*INPUT RECORDS:*
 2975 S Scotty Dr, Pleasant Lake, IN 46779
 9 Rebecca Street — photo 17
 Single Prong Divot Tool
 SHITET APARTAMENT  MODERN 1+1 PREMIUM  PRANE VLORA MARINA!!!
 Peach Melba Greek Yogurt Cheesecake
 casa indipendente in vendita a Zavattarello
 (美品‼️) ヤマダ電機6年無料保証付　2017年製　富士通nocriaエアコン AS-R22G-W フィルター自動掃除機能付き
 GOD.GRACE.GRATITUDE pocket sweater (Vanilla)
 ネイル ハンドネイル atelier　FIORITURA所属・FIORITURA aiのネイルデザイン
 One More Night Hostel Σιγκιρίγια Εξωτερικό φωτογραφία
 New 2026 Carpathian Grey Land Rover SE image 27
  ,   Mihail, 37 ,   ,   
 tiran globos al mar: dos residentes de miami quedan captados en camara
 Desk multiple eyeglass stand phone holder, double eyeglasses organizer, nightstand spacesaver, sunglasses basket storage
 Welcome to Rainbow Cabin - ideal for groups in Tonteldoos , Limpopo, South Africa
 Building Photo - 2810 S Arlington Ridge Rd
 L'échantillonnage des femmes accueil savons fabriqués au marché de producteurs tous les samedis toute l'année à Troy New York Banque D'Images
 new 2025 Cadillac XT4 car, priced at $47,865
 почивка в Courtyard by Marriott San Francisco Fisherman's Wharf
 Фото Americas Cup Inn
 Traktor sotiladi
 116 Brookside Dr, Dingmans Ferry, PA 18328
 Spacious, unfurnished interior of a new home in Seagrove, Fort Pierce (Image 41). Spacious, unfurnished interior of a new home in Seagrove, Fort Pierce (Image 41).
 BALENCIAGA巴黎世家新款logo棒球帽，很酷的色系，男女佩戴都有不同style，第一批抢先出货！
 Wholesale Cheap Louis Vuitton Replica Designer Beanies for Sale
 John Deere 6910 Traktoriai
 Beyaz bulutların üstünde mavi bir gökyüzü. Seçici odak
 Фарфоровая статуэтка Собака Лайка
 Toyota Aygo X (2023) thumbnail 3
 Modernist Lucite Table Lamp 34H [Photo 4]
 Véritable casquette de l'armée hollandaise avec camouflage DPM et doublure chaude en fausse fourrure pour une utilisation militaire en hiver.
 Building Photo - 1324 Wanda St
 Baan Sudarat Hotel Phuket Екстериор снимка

*YOUR ASSIGNMENT:*
Would you show each line of the material above that contains the string "Building"?

*TASK ANSWER:*
 Building Photo - 2810 S Arlington Ridge Rd
 Building Photo - 1324 Wanda St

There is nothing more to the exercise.